We are again interested in useful approximate expressions for off-diagonal
elements of the diagonalizing matrix ${\cal D}^{l}$ responsible for mixing between
the Higgses and the other sleptons. From the above, it is easy to obtain
\beqa
{\cal D}^{l}_{1(i+2)}  & \simeq &
\frac{B_i}{M^2_{\!\scriptscriptstyle S}} \; ,
\nonumber \\
{\cal D}^{l}_{2(i+2)}  & \simeq & 
\frac{B_i \, \tan\!\zb}{M^2_{\!\scriptscriptstyle S}} \; ,
\eeqa
where the more exact expression substituted by $M^2_{\!\scriptscriptstyle S}$ here is
$\Big[ \tilde{m}_{\!\scriptscriptstyle {L}_{ii}}^2
+ M_{\!\scriptscriptstyle Z}^2\, \cos\!2 \beta 
\left( -\frac{1}{2} +  \sin\!^2 \theta_{\!\scriptscriptstyle W}\right)
- \left( \frac{2\,B_0}{\sin\!2\zb} 
+ M_{\!\scriptscriptstyle Z}^2\, \cos\!^2 \theta_{\!\scriptscriptstyle W} 
\right)  \Big]$.
Similarly, we have
\beqa
{\cal D}^{l}_{1(i+5)}   & \simeq &
\frac{\mu_i \, m_i}{M^2_{\!\scriptscriptstyle S}} \; ,
\nonumber \\
{\cal D}^{l}_{2(i+5)}   & \simeq &
\frac{\mu_i \, m_i \, \tan\!\zb}{M^2_{\!\scriptscriptstyle S}} \; ,
\eeqa
with $M^2_{\!\scriptscriptstyle S}$ representing
$\Big[ \tilde{m}_{\!\scriptscriptstyle {E}_{ii}}^2
+ M_{\!\scriptscriptstyle Z}^2\, \cos\!2 \beta 
\left( - \sin\!^2 \theta_{\!\scriptscriptstyle W}\right) 
-\left( \frac{2\,B_0}{\sin\!2\zb} 
+ M_{\!\scriptscriptstyle Z}^2\, \cos\!^2 \theta_{\!\scriptscriptstyle W} 
\right) \Big]$.
Note that the elements of the type ${\cal D}^{l}_{\!(i+2)(j+5)}$ are standard 
slepton $LR$ mixing terms with extra contributions [{\it cf.} 
$\widetilde{M}_{\!\scriptscriptstyle {RL}}^2$ from Eq.(\ref{ERL})]. 

\section{Remarks}
We have try to present clearly the formulation of the GSSM, or the (complete)
phenomenological theory of SUSY without R parity in some details above.
We emphasize that the notion of R parity and its violation is a perspective that
looks at the model as an extension of the (R-parity conserving) MSSM.
May be particle physicists are too familiar with the MSSM. The idea of studying
an extension of the MSSM by adding some R-parity violating terms sounds
easy and straightforward. The present approach takes a bit different perspective.
We emphasize studying the GSSM as what it is which we recapitulate again
--- a theory built with the (minimal) superfield spectrum incorporating the SM 
particles, interactions dictated by the SM (gauge) symmetries, and the idea that
SUSY is softly broken. The perspective helps to clarify some confusing issues
within the literature of  R-parity violation.
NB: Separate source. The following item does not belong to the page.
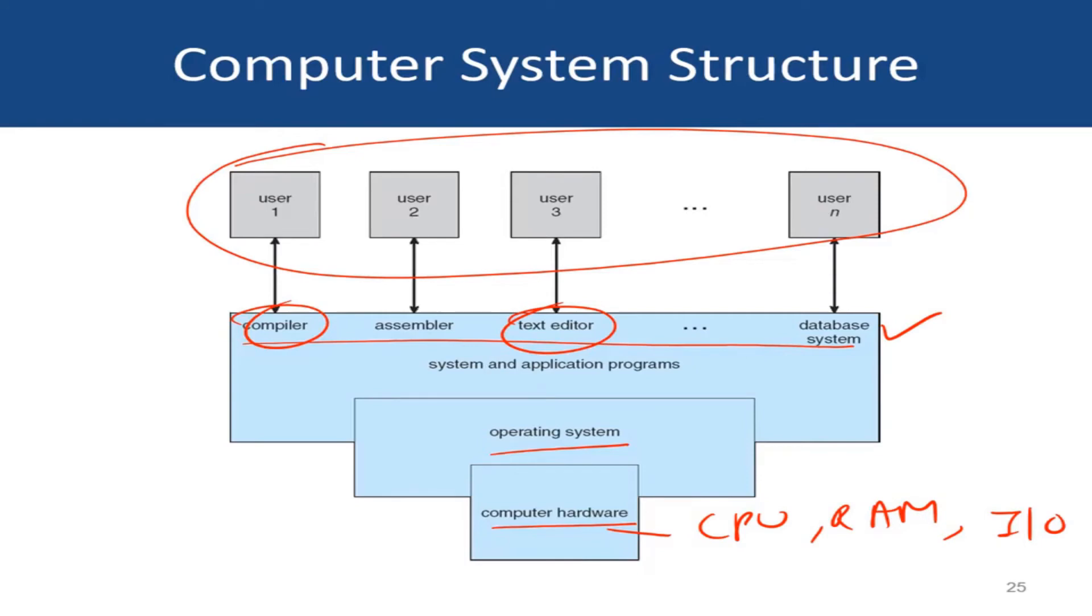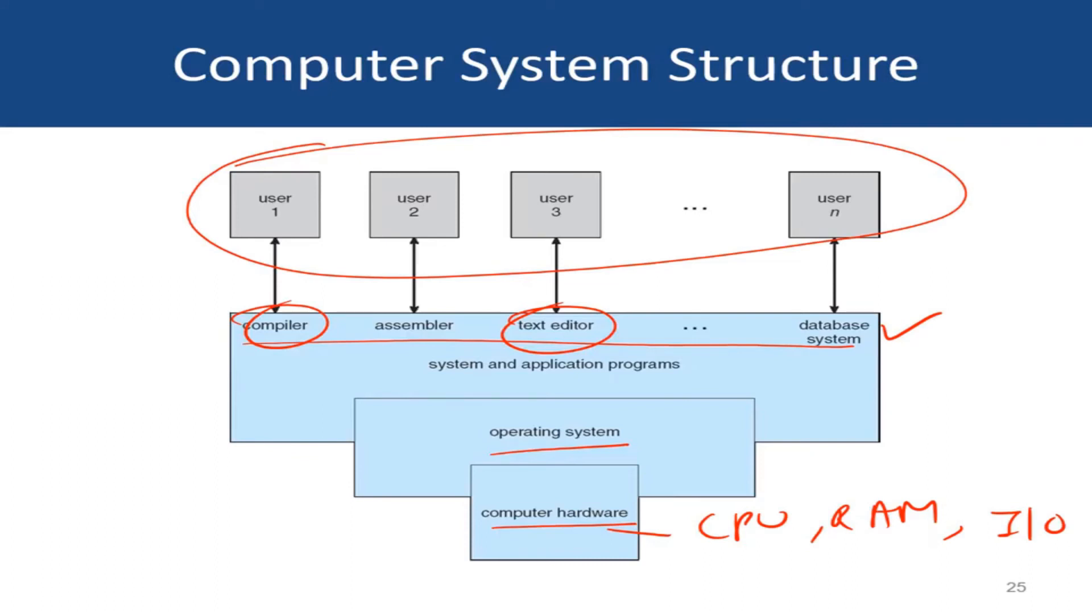So these application programs basically define the ways in which these resources, the underlying hardware resources, are used to solve the user's computing problems. Now, the operating system is basically responsible for controlling how the hardware is accessed and shared.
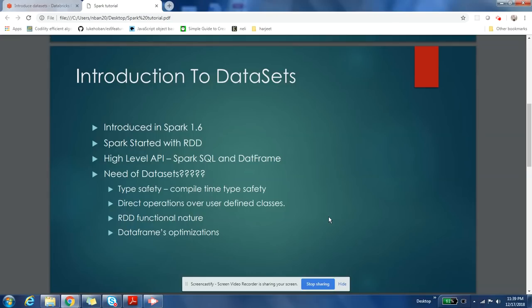up with a bit of abstraction on top of RDD, which was called DataFrame. So with the introduction of DataFrame, you could write your application logic in terms of SQL or in terms of very high-level code. Spark used to take care of converting that code into RDD, and in that process, Spark used to optimize the code also for you.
We advocate strongly the adoption of a specific parametrization, the SVP, which
we elaborate on in this review. The parametrization issue has not been addressed
directly and clearly often enough in the literature. Naively, when the model is
considered as limited versions of extensions of the MSSM, there is no need
to readdress the parametrization beyond the latter framework. Such a perspective,
however, hinders a comprehensive study of the plausible interesting phenomenology.
Our use of the SVP has, for instance, led to the identification of new (RPV) 
tree-level contributions to the superpartner mass matrices and their 
phenomenological implications\cite{as5,as4,as6,as7,as9,as1}. Such features have
been largely overlooked in the literature. The contributions typical involved 
products of bilinear and trilinear (RPV) parameters. The two group of parameters
are simply seldom considered together previously. In our opinion, it is the SVP
framework that renders such features transparent. Moreover, we are only 
beginning to study the detailed phenomenological features of the type. A lot of
work still await our effort.

Among the earlier studies that address the parametrization issue with some care,
the more notable ones are given by Refs.\cite{bh,NP}.  There has been some 
phenomenological use of basically the SVP in Refs.\cite{MP,N}, before we 
advocated explicitly adoption of it as the basic formulation for studying GSSM
(or R-parity violation). Other authors have come to appreciate using the
formulation since then. These include Refs.\cite{GH,AL,DL,CCK}. 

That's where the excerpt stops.